The standard way for earth observation experts or users to retrieve images from image archives (e.g., ESA’s Copernicus Open Access Hub) is to use a graphical user interface, where they can select the geographical area of the image they are interested in. To enhance the end-user capability, AI4Copernicus researchers have developed a question-answering engine namely EarthQA, that receives input from a question expressed in natural language (in English) that asks for satellite images satisfying certain criteria and returns links to such datasets, which can be then downloaded from the CREODIAS cloud platform.

The question answering engine will be aimed at users of Earth Observation data, and will enable them to discover datasets by posing natural language questions (like these posed to search engines like Google).

Therefore we are currently collecting interesting questions from users like you and we kindly ask for your help to provide us with 10 questions that may be posed to a system like the Copernicus Open Access Hub, one of the five DIASes, or any other Earth Observation data portal, with the intention of discovering an EO dataset of interest to you.


Users can specify some other metadata, such as sensing period, satellite platform and cloud cover. To answer user questions, EarthQA queries two interlinked knowledge graphs: a knowledge graph encoding metadata of satellite images from the CREODIAS cloud platform (the SPARQL endpoint of CREODIAS) and the well-known knowledge graph DBpedia.
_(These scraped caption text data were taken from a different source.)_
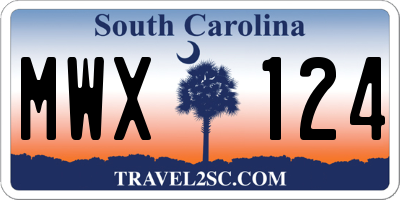 SC license plate MWX124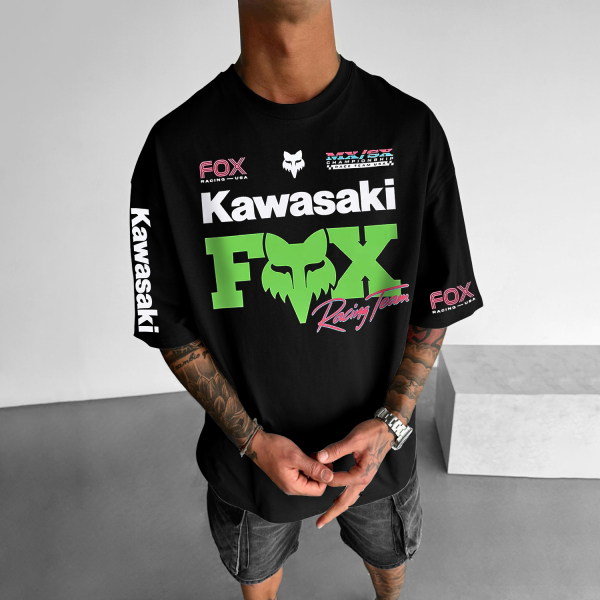 Men's Motorcycle Brand Print T-Shirt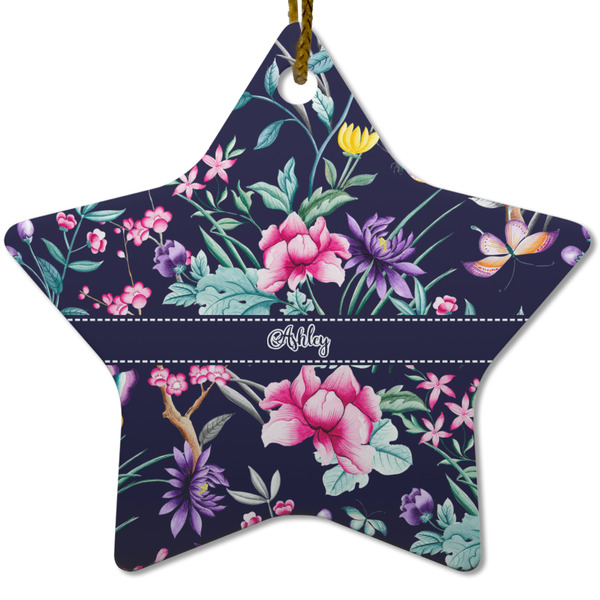 Custom Chinoiserie Star Ceramic Ornament w/ Name or Text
Hence, the questions can refer to image metadata (e.g., satellite platform, sensing period, cloud cover), but also to geospatial entities appearing in DBpedia knowledge graph (e.g., lake, Greece). In this way, the users can ask questions like “Find all Sentinel-1 GRD images taken during October 2021 that show large lakes in Greece having an area greater than 100 square kilometers”.

EarthQA follows a template-based approach to translate natural language questions into formal queries (GeoSPARQL). Initially, it decomposes the user question by generating its dependency parse tree and then automatically disambiguates the components appearing in the question to elements of the two knowledge graphs.  In particular, it automatically identifies the spatial or temporal entities (e.g., “Greece”, “October 2021”), concepts (e.g., “lake”), spatial or temporal relations (e.g., “in”, “during”), properties (e.g., “area”) and product types (e.g., “Sentinel-1 GRD”) and other metadata (e.g., “cloud cover below 10%”) mentioned in the question and maps them to the respective elements appearing in the two knowledge graphs (dbr:Greece, dbo:Lake, dbp:area, etc). After this, the GeoSPARQL query is automatically generated.